> [Work order]:
Below are the entries to work from; restate word for word the portion that opens with the line containing "Green mint liqueur cocktail on bar counter" and closes with the line containing "Tunisian security forces", keeping both.

> [Material provided]:
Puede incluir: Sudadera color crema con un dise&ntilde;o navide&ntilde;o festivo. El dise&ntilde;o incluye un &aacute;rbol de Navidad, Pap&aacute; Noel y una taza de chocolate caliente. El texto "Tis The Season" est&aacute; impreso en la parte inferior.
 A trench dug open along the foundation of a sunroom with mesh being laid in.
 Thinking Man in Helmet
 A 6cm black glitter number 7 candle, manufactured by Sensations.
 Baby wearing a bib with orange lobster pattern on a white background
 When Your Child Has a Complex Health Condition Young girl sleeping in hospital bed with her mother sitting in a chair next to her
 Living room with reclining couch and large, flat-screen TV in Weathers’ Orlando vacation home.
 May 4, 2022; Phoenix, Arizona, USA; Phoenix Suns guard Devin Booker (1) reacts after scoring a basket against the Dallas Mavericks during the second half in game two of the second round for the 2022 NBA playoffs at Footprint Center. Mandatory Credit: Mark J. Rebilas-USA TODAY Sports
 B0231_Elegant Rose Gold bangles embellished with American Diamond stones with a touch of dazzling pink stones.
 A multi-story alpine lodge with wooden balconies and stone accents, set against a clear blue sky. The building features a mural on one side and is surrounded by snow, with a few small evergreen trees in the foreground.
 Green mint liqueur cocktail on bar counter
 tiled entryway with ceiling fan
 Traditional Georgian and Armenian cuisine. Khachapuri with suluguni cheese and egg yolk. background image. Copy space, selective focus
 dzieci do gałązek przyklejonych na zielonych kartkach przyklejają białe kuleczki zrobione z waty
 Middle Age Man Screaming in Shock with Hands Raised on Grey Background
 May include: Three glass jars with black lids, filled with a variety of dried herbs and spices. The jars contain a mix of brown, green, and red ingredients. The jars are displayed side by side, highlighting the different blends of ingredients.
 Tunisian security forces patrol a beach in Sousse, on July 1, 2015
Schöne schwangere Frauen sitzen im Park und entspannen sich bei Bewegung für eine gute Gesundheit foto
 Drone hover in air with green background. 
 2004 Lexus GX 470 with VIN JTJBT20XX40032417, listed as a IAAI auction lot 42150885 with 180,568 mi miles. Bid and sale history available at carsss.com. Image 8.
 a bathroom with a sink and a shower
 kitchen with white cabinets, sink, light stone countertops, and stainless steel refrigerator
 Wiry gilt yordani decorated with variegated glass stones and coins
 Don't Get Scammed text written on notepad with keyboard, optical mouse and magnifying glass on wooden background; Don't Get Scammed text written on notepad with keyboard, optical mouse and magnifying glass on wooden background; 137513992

> [Response to this exercise]:
 Green mint liqueur cocktail on bar counter
 tiled entryway with ceiling fan
 Traditional Georgian and Armenian cuisine. Khachapuri with suluguni cheese and egg yolk. background image. Copy space, selective focus
 dzieci do gałązek przyklejonych na zielonych kartkach przyklejają białe kuleczki zrobione z waty
 Middle Age Man Screaming in Shock with Hands Raised on Grey Background
 May include: Three glass jars with black lids, filled with a variety of dried herbs and spices. The jars contain a mix of brown, green, and red ingredients. The jars are displayed side by side, highlighting the different blends of ingredients.
 Tunisian security forces patrol a beach in Sousse, on July 1, 2015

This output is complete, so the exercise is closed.